Poison Texts Targeting Mobile Phones

While smartphones get in the news for security reasons related to mobile malware, it’s important that we not forget about the other means of attacking mobile phones. USA Today has a piece which notes that,

One type of poison text message involves tricking people into signing up for worthless services for which they get billed $9.99 a month. Another type lures them into doing a survey to win a free iPhone or gift card. Instead, the attacker gets them to divulge payment card or other info useful for identity-theft scams. “Malicious attacks have exploded well beyond e-mail, and we are very aware of their move to mobile,” says Jacinta Tobin, a board member of the Messaging Anti-Abuse Working Group, an industry group combating the problem.

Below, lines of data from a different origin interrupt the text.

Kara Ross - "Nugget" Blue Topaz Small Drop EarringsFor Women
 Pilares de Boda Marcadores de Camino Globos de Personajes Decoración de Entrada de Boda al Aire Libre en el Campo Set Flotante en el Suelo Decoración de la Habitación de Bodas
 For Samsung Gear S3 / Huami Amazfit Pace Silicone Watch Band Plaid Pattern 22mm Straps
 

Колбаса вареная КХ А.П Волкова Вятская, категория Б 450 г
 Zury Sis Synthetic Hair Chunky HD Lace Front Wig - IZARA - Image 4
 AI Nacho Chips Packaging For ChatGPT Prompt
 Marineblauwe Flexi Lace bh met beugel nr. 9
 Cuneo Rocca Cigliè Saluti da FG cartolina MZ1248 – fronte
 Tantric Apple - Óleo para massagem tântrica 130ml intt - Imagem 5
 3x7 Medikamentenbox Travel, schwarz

This approach is really just phishing using text messages. It’s significant, but not necessarily something that we should get particularly jumpy about. The same article recognizes that “hackers are repurposing skills honed in the PC world to attacks on specific mobile devices. Particularly, handsets using Google’s Android operating system are frequently the target of hackers.” What is missing in the article is a recognition that text-based phishing can be made considerably more effective if an individual’s smartphone has already leaked considerable amounts of personal data to the attacker via a third-party application. This is the scenario we should be leery of.

Specifically: we can easily imagine a situation where a hostile application that has been installed on a smartphone acquires enough personal information that an attacker can engage in targeted spear phishing. By getting name, address, names of friends and family, places of employment, recent photos that are geotagged, and so forth, it is possible to trick individuals by text messages to ‘give up’ information. Moreover, by first compromising devices attackers can better target specific individuals based on how the phishermen have profiled device owners: they can be choosy and target those who would either be most vulnerable or best resourced. It’s the integration of two known modes of attack – phishing and compromising smart devices – that will be particularly devastating far in excess of either attack vector on its own.